Caso Delmastro, la procura procede con l’ipotesi di riciclaggio. L’accusa per Mauro e Miriam Caroccia, indagati dalla Procura di Roma nel procedimento sulla società ‘Le 5 Forchette’ di cui è stato azionista anche l’ex sottosegretario alla Giustizia Andrea Delmastro, è di aver “trasferito e reinvestito” nella srl “proventi delle attività illecite del clan di stampo camorristico dei Senese”.
Nel mirino della procura Caroccia padre e figlia: contestati i reati di riciclaggio e intestazione fittizia di beni. Delmastro non è indagato
E’ quanto si legge nel capo di imputazione dell’indagine della Dda di Roma in cui si procede per le accuse di riciclaggio e intestazione fittizia dei beni. Attività illecita aggravata dal fatto di averla “commessa al fine di agevolare l’associazione di stampo mafioso” facente capo al gruppo dei Senese.
Secondo l’accusa, padre e figlia, nel dicembre del 2024, avrebbero ‘investito’ nella Srl al fine di “permettere al clan di accrescere e rafforzare la sua posizione sul territorio attraverso il controllo di attività economiche” e “di reinvestire i capitali illecitamente accumulati nel corso degli anni”.
Gli interrogatori a piazzale Clodio
Sono previsti per metà settimana i primi interrogatori davanti ai pm della Dda di Roma che indagano sulla società ‘Le 5 Forchette’ che gestiva il ristorante ‘Bisteccheria d’Italia’ di via Tuscolana a Roma e di cui è stato azionista anche l’ex sottosegretario alla Giustizia, Andrea Delmastro, che ha poi rivenduto le quote.
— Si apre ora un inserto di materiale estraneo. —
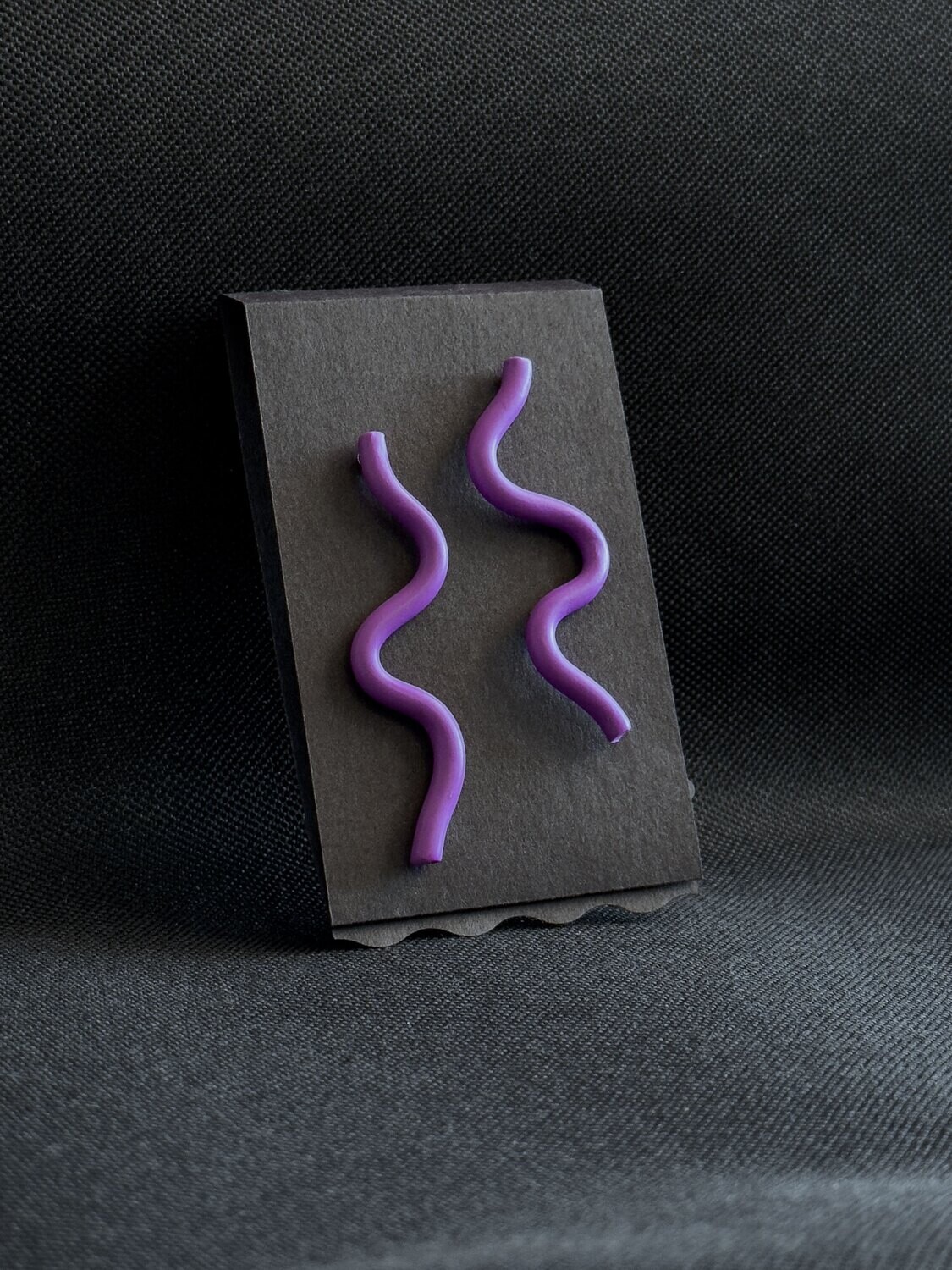 “Squiggly life” earrings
Sarà interrogato sia Mauro Caroccia, attualmente in carcere dove sta scontando una pena definitiva a 4 anni di carcere per intestazione fittizia di beni della camorra, che la figlia Miriam, azionista della Srl.
La posizione di Delmastro
Andrea Delmastro, da parte sua, ha sempre sostenuto di non sapere che l’oste – ossia Caroccia – che serviva al tavolo del ristorante da lui frequentato fosse imputato in un processo per reati legati alla mafia. E anche di non sapere che fosse il padre di Miriam – la diciottenne con cui aveva avviato l’attività – avesse riciclato denaro del clan Senese.
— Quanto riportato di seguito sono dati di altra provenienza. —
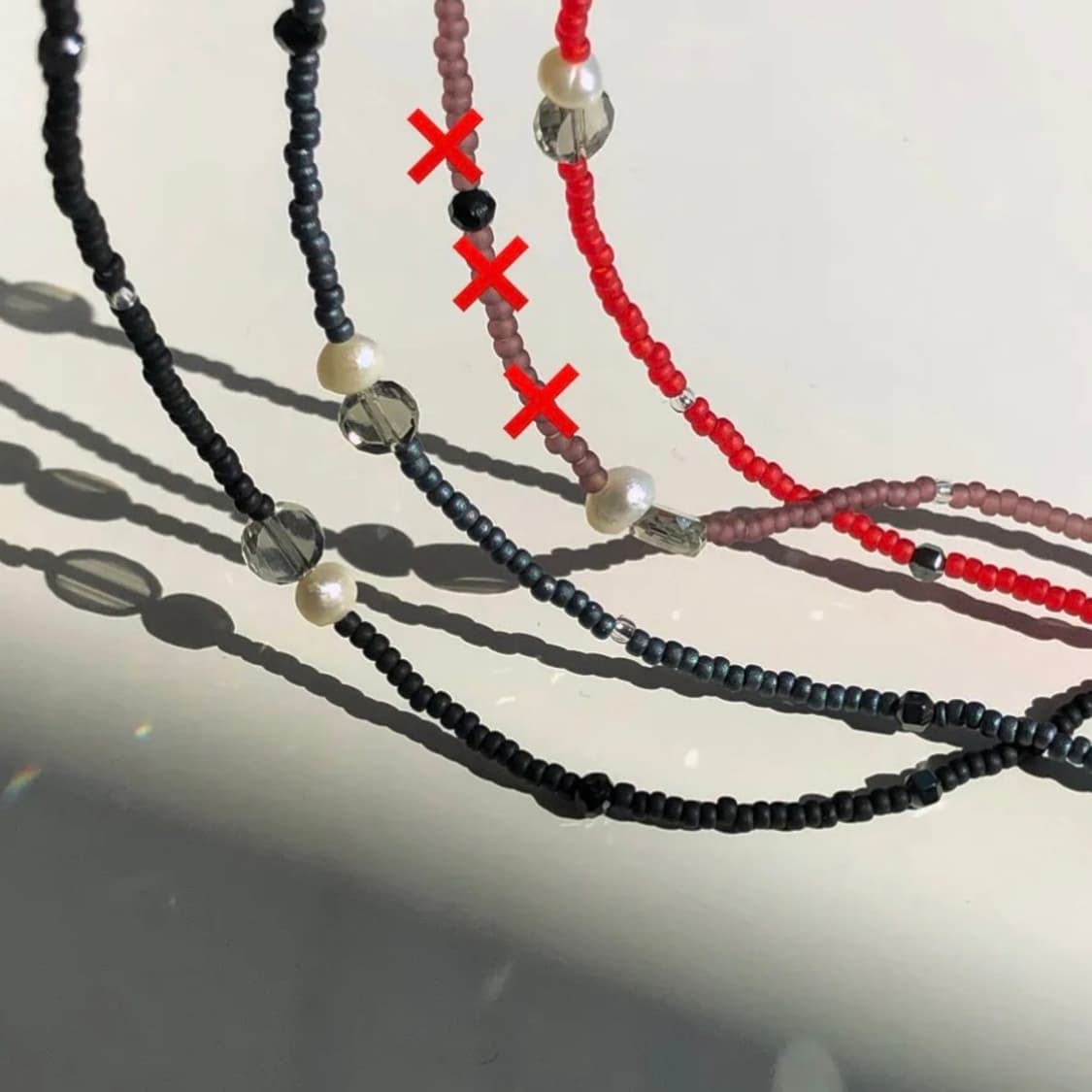 오즈앤엔즈 비즈목걸이 berry beads necklace 상품이미지3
La 18enne respinge il coinvolgimento
Solo qualche giorno fa sul caso si era espresso l’avvocato di Miriam, Fabrizio Gallo. “La mia assistita è completamente estranea a qualsiasi dinamica e non ha mai consegnato somme di denaro a chicchessia come sarà prontamente accertato dalla magistratura verso la quale abbiamo piena fiducia e alla quale saremo pronti a chiarire ogni cosa“, la dichiarazione del penalista.